There is the niggling worry Brendan Murphy’s Buffy Revamped might descend into an obsessive, over-detailed show suitable only for conventions. However, director Hamish MacDougall sets an atmosphere that is respectful of the source material while cheerfully irreverent in presentation and constantly entertaining.
Buffy Revamped is a full theatrical experience, not a simple monologue. The stage set is stuffed with memorabilia from the show. Although Brendan Murphy’s script does not bog down in detail, the author makes clear he shares a fan’s enthusiasm for the show with a number of in-jokes. "Once more with feeling" he calls during the concluding singalong, knowing that is the title of the legendary musical episode.
Brendan Murphy takes for granted the audience is aware of the unique feature of Buffy the Vampire Slayer—rather than being the traditional victim, the none-too-bright blond female is actually the hero—and concentrates on telling her adventures. Spike, once Buffy’s nemesis, later her lover, returns by supernatural means to find he is engaged to summarise in 70 minutes the events of the entire series. However, Spike is not the most reliable witness and allows his opinions—he is especially dismissive of Buffy’s other boyfriends—to intrude into the narrative.
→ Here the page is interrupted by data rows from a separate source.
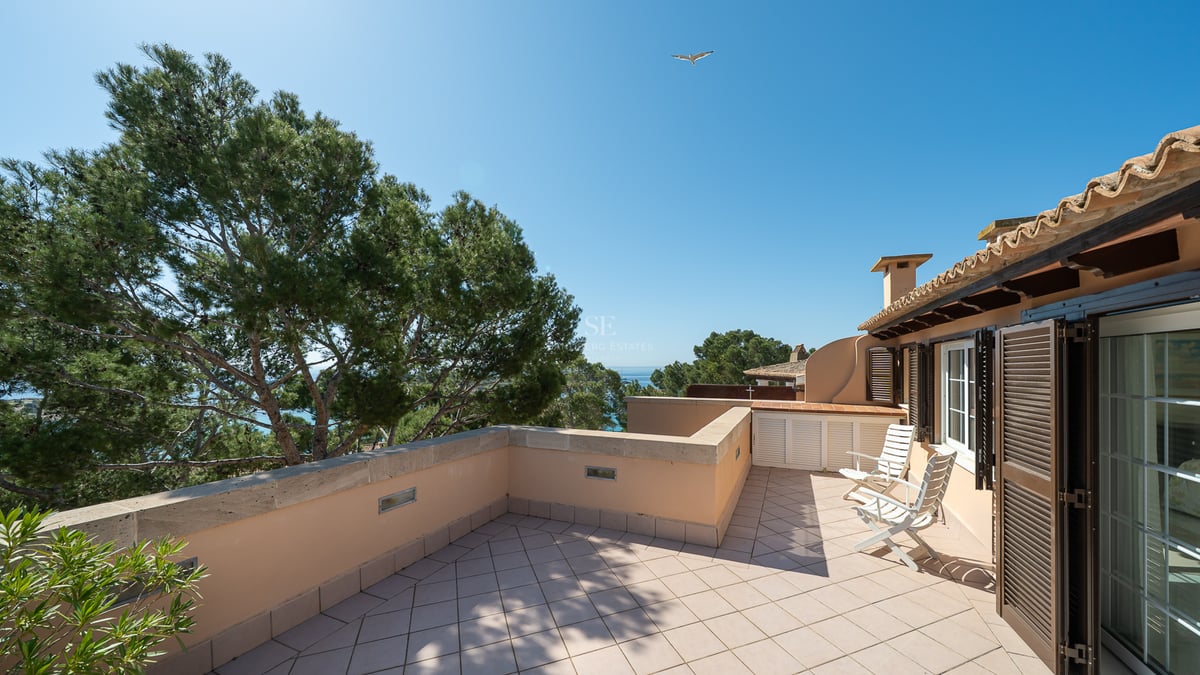 Terrasse ensoleillée avec carrelage en terre cuite, chaises blanches et volets traditionnels surplombant les pins et la mer.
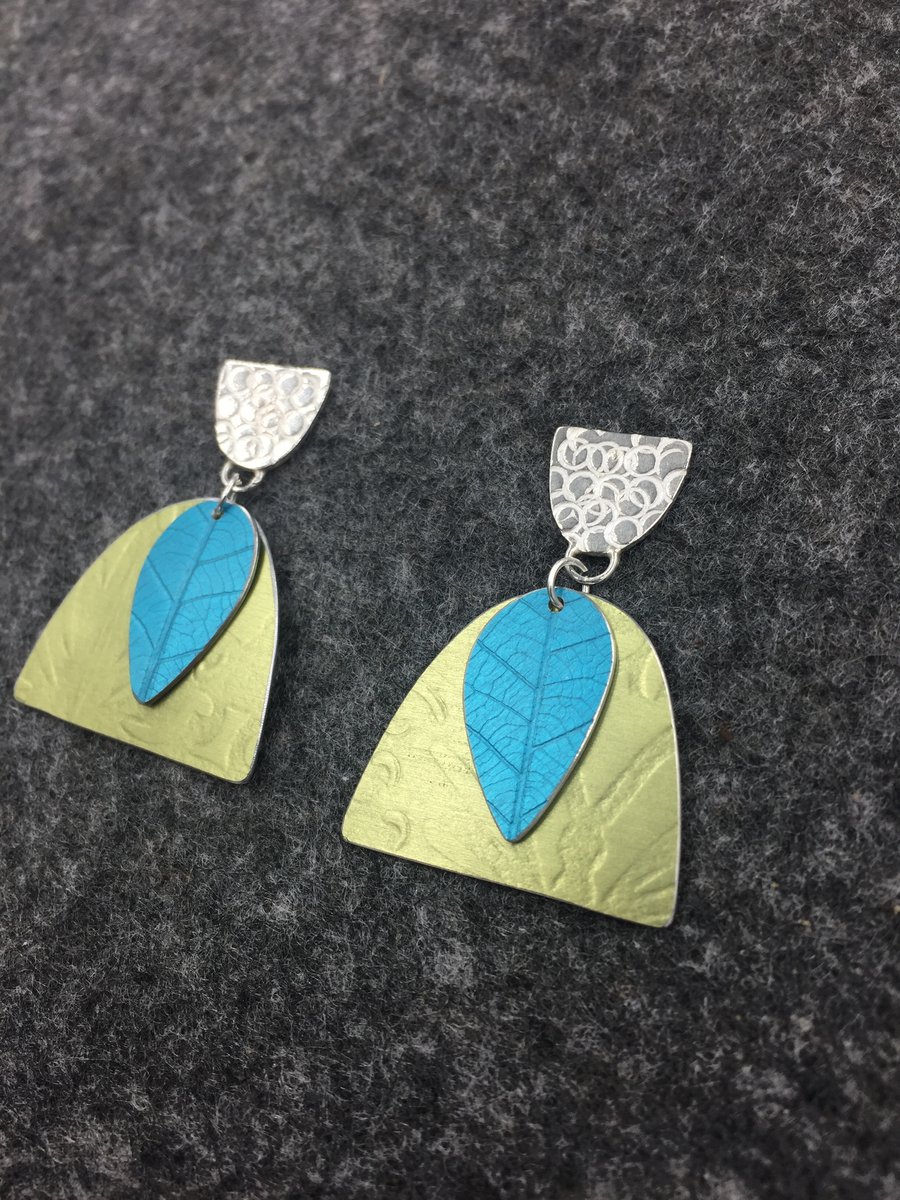 Handmade silver and aluminium textured earrings in turquoise and pale green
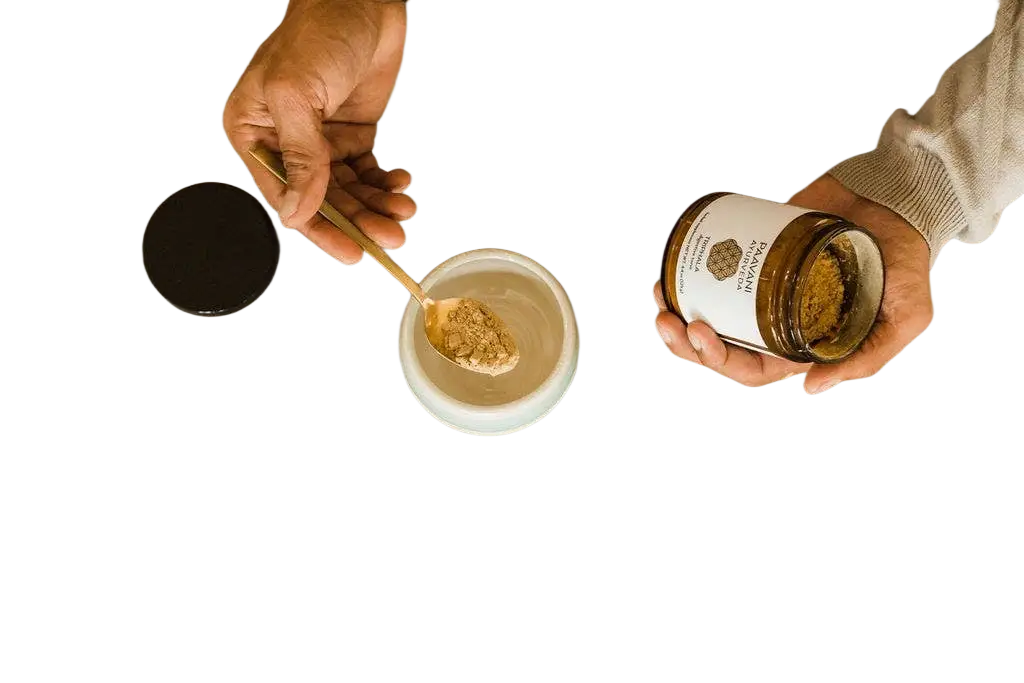 Ein glas mit paavani ayurveda triphala pulver in brauner farbe und weißem etikett wird in der hand gehalten und in eine schale gegeben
There is a high level of audience participation with Murphy, in the manner of a stand-up comedian, regularly soliciting opinions from the audience and even offering to use one of them as a blood sacrifice. Murphy slips out of character to complain the budget for the tour is not sufficient to provide wooden stakes (well chopsticks) for the entire audience to take part in the final confrontation.
Murphy pokes fun at the occasional illogical development in the show—a nightclub whose patrons are all too young to buy alcohol and the failure to get any dramatic value from a regular character who is a werewolf. More significantly, the character Kendra is a rarity not for being a superhero vampire slayer but a woman of colour in the vanilla small town where the show is set. Yet Buffy Revamped is not a critical overview of the series; mention is not made of how the witty dialogue, apparently written in daunting teenspeak, can be understood by all generations.
The presentation begins as one might expect, with Murphy verbally summarising the first-season events in a breathless manner, but becomes increasingly imaginative and audacious as the show progresses. Buffy Revamped may not be exhaustive in content but looks close to physically exhausting for Brendan Murphy, who is in constant motion, leaping into quick costume changes to assume a range of characters, interacting with the audience or bursting into song.
Methods of summarising the shows include adaptations of popular songs—"It’s The End Of the World As We Know It (And I Feel Fine)" works particularly well. Before becoming a vampire, Spike was a notoriously bad poet so, naturally, Season Five of the show is summarised in poetic form.
Buffy Revamped is intended for fans of the show; anyone with only a casual interest is unlikely to appreciate the dense amount of information and in-jokes crammed into the limited running time. Nevertheless, as an imaginatively staged celebration of a television highpoint, Buffy Revamped works perfectly and is bound to prompt audiences to return home and start watching the show all over again.